* Directions
Drop the pictures, then repeat every record exactly as it stands.

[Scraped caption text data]
/---
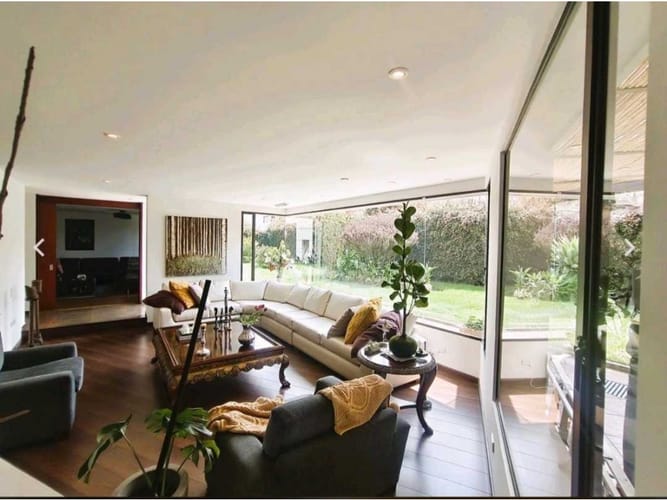 Casa de 4 alcobas en venta en Guaymaral, Bogotá, 450 m² · foto 3 de 14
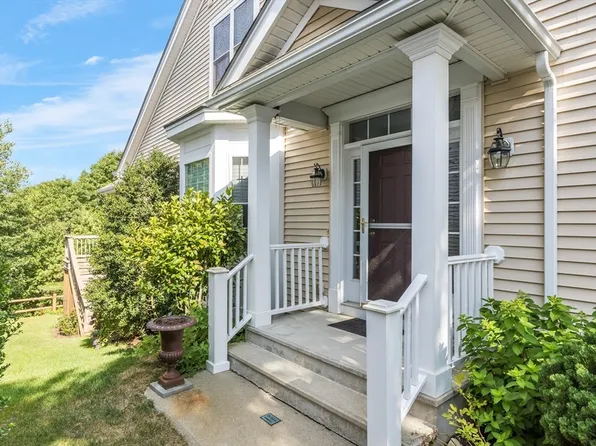 27 Belltree, Plymouth, MA 02360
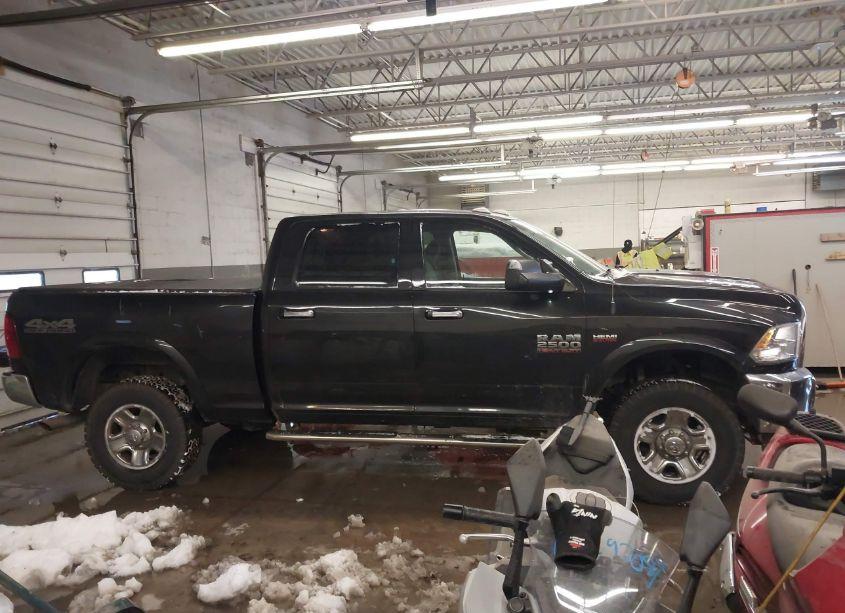 Photo 14 of 2018 Ram 2500 SLT 4X4 6'4 BOX (VIN 3C6UR5DJ1JG340513)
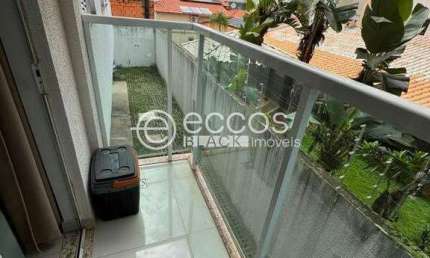 Apartamento à venda, 2 quartos, 1 suíte, 1 vaga, Santa Mônica - Uberlândia/MG
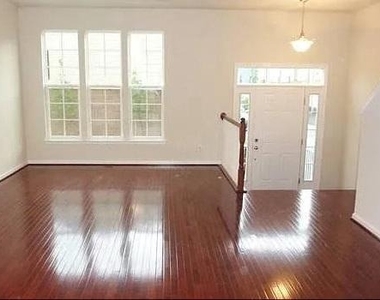 42731 Telford Terrace - Photo Thumbnail 2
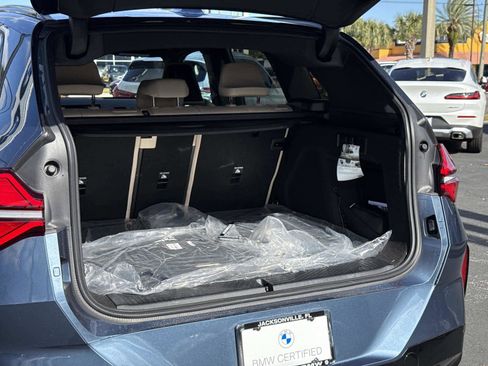 Certified 2025 BMW X3 xDrive30i w/ M Sport Package image 11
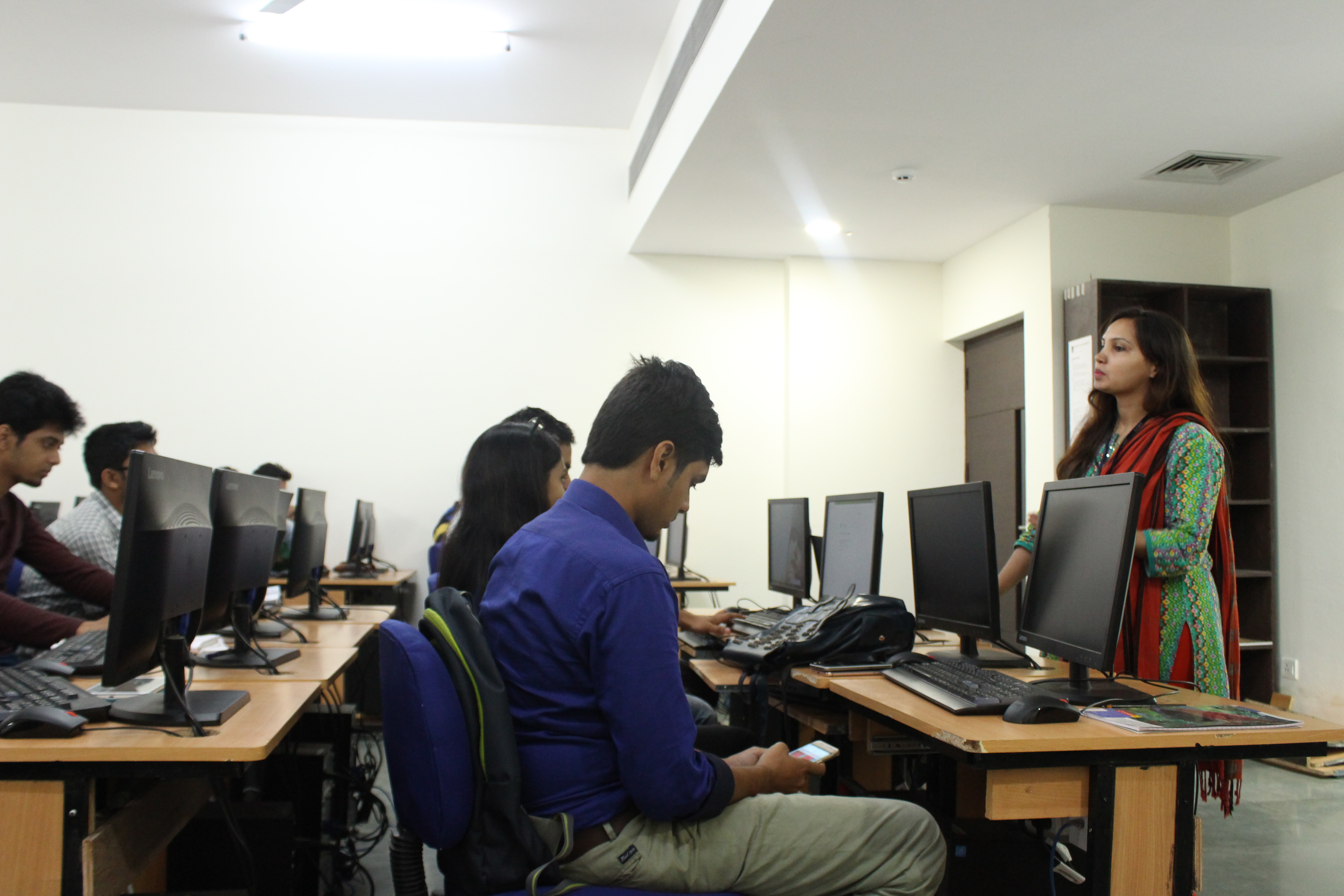 Amity University Kolkata Labs(8)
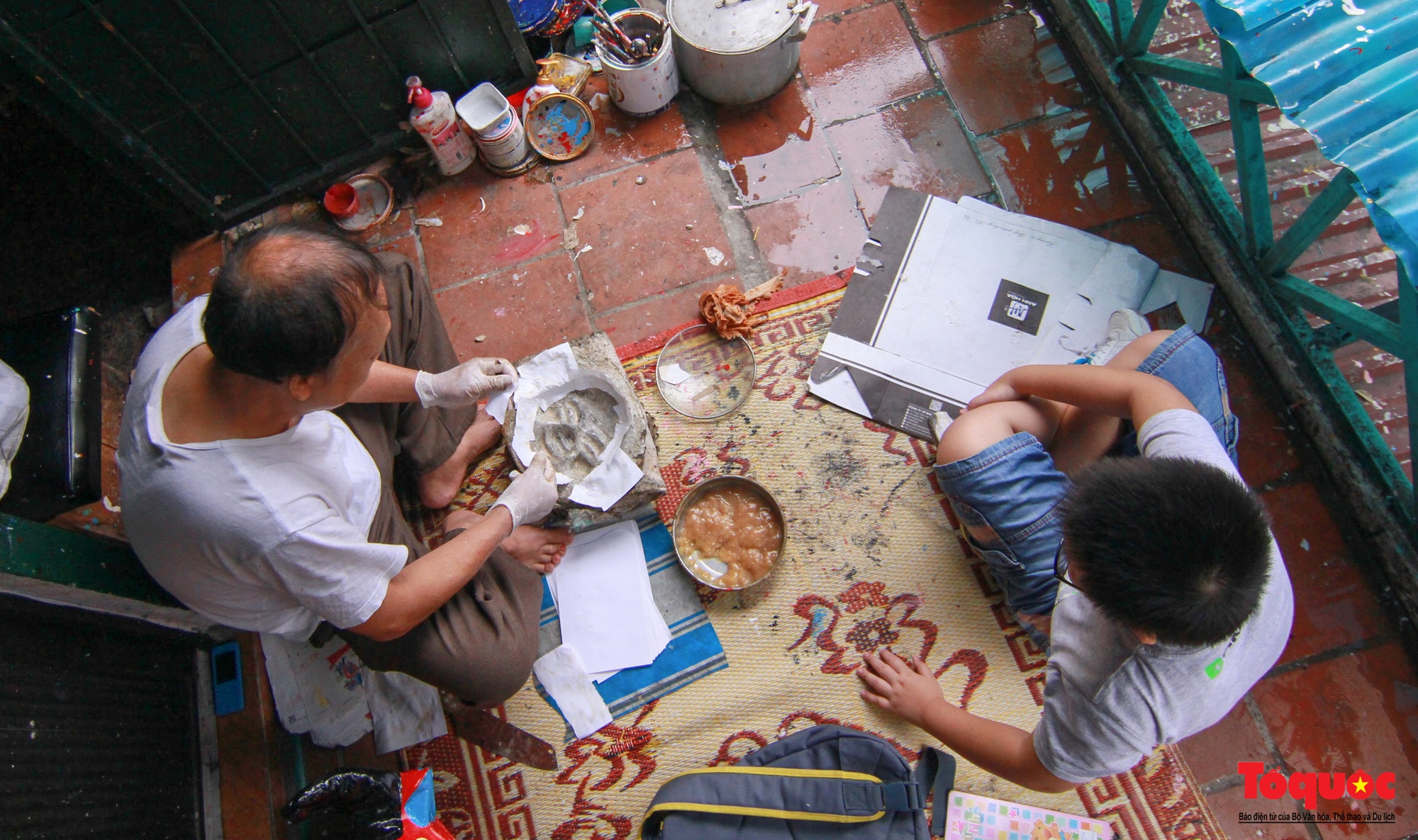 Gia đình giữ nghề làm mặt nạ giấy bồi duy nhất ở phố cổ Hà Nội - Ảnh 4.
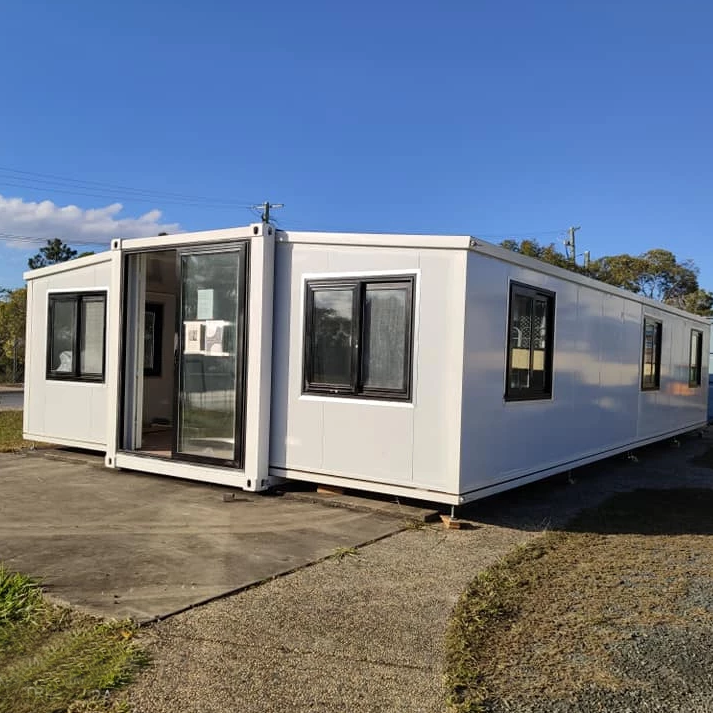 Factory price 3 bedroom movable cheap prefab homes expandable container house for sale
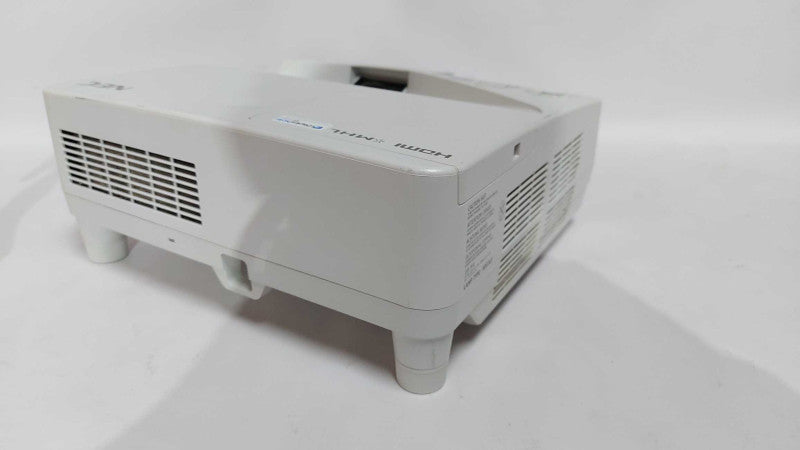 NEC NP-UM351W WXGA UST 3500 Lumen HD Projector - 3658 lamp hours #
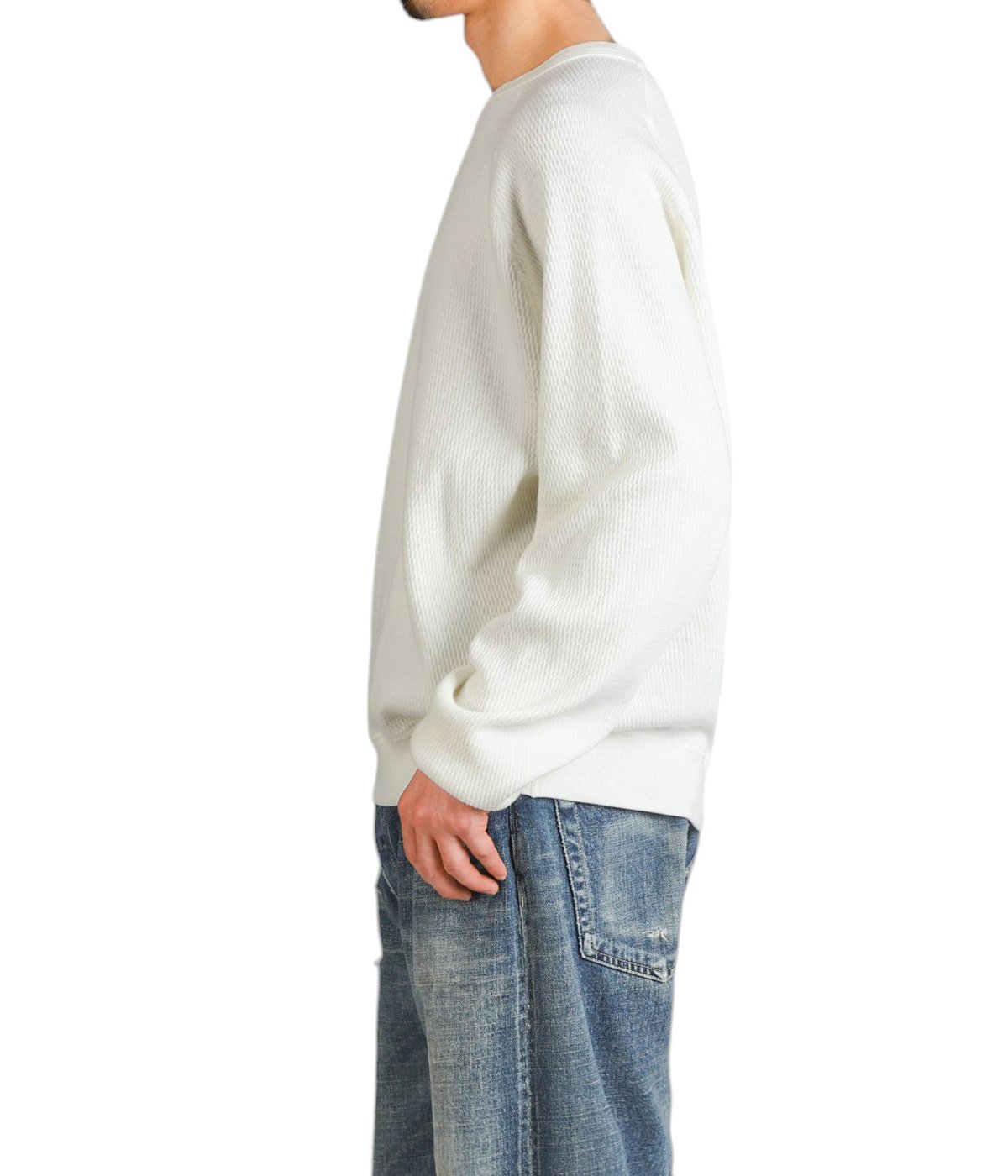 model（175cm / 60kg）B85 W75 H92 着用サイズ：M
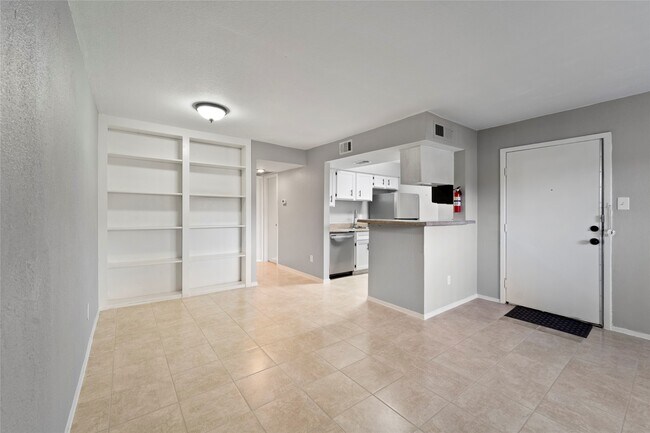 Building Photo - 6001 Reims Rd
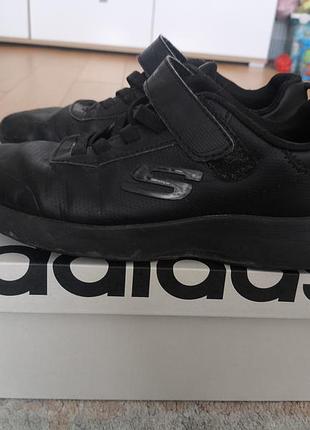 Спортивные кроссовки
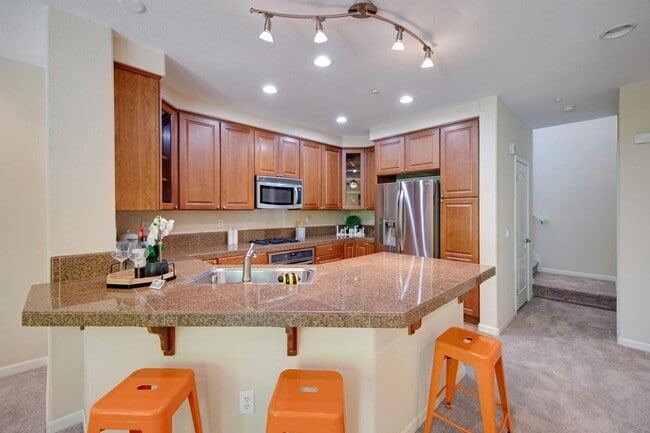 Building Photo - 895 Gaspar Vis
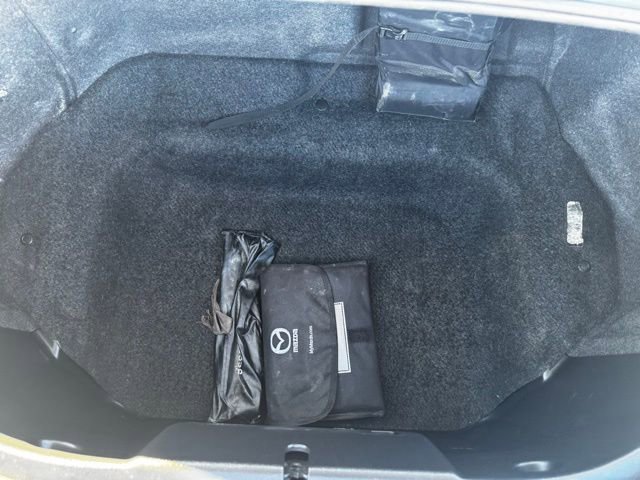 Used 2017 MAZDA MX-5 Miata Club image 12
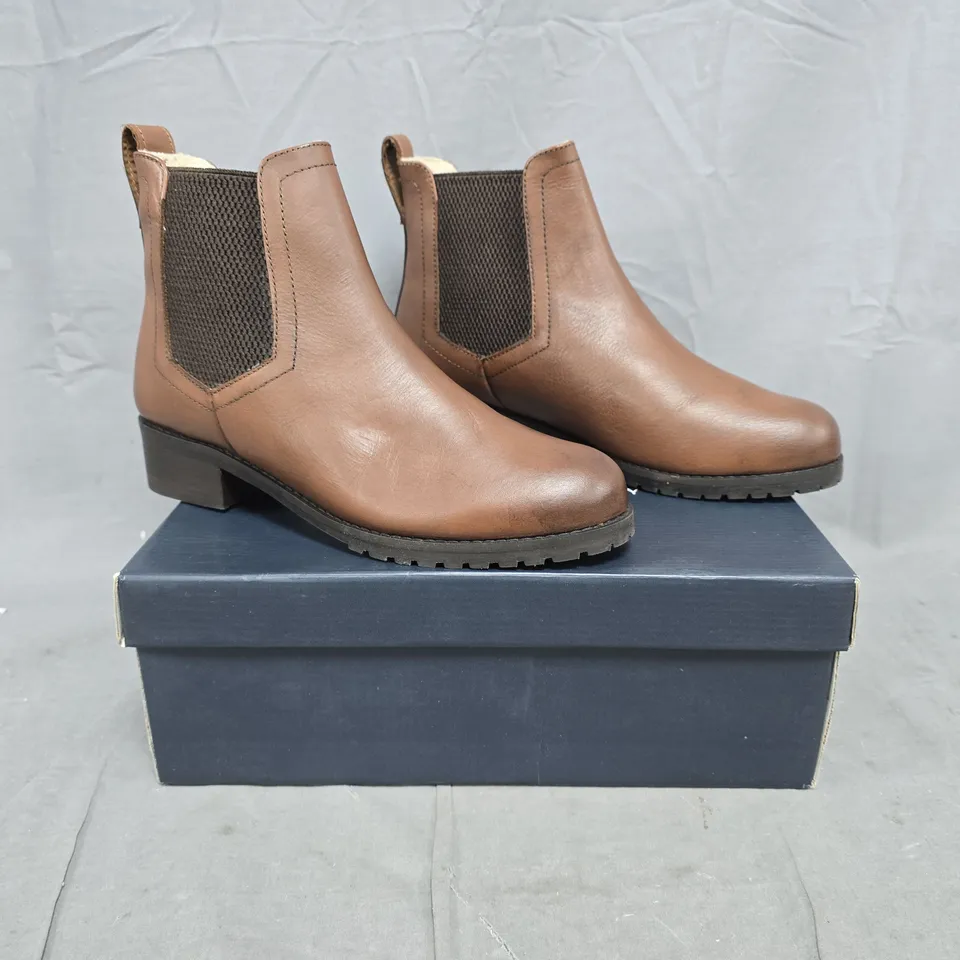 BOXED PAIR OF CREW CLOTHING COMPANY LOTTIE CHELSEA BOOTS IN TAN SIZE EU 37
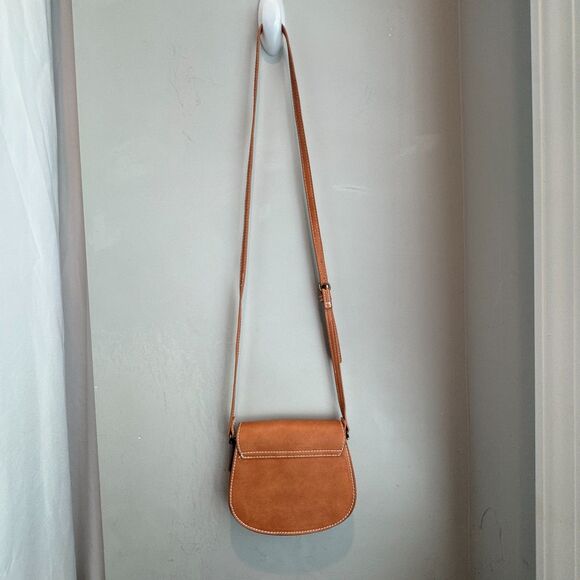 Universal Threads Faux Leather Crossbody Purse – 7.5"x6.5", Fast Ship! - Picture 8 of 12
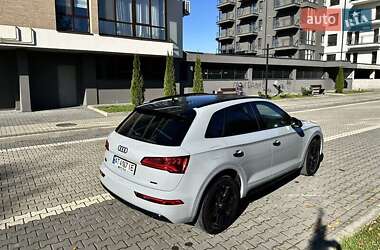 Внедорожник / Кроссовер Audi Q5 2019 в 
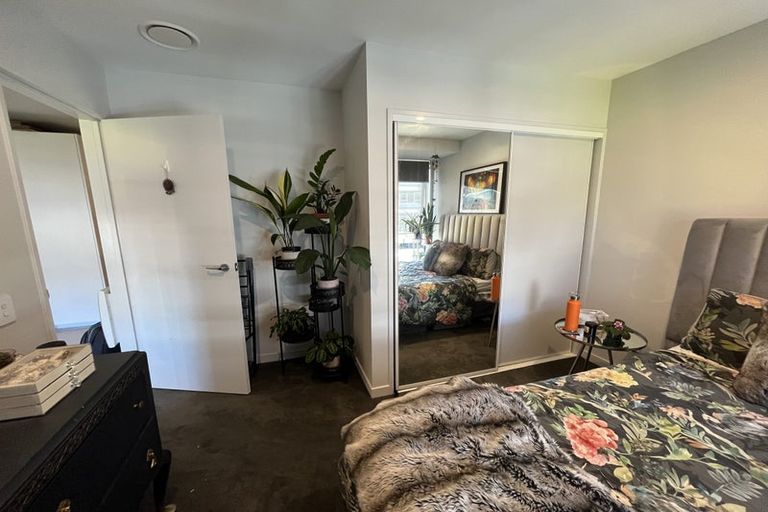 Photo of property in Pinnacle Apartments, W802/160 Victoria Street, Te Aro, Wellington, 6011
\---
* Result of the exercise
 Casa de 4 alcobas en venta en Guaymaral, Bogotá, 450 m² · foto 3 de 14
 27 Belltree, Plymouth, MA 02360
 Photo 14 of 2018 Ram 2500 SLT 4X4 6'4 BOX (VIN 3C6UR5DJ1JG340513)
 Apartamento à venda, 2 quartos, 1 suíte, 1 vaga, Santa Mônica - Uberlândia/MG
 42731 Telford Terrace - Photo Thumbnail 2
 Certified 2025 BMW X3 xDrive30i w/ M Sport Package image 11
 Amity University Kolkata Labs(8)
 Gia đình giữ nghề làm mặt nạ giấy bồi duy nhất ở phố cổ Hà Nội - Ảnh 4.
 Factory price 3 bedroom movable cheap prefab homes expandable container house for sale
 NEC NP-UM351W WXGA UST 3500 Lumen HD Projector - 3658 lamp hours #
 model（175cm / 60kg）B85 W75 H92 着用サイズ：M
 Building Photo - 6001 Reims Rd
 Спортивные кроссовки
 Building Photo - 895 Gaspar Vis
 Used 2017 MAZDA MX-5 Miata Club image 12
 BOXED PAIR OF CREW CLOTHING COMPANY LOTTIE CHELSEA BOOTS IN TAN SIZE EU 37
 Universal Threads Faux Leather Crossbody Purse – 7.5"x6.5", Fast Ship! - Picture 8 of 12
 Внедорожник / Кроссовер Audi Q5 2019 в 
 Photo of property in Pinnacle Apartments, W802/160 Victoria Street, Te Aro, Wellington, 6011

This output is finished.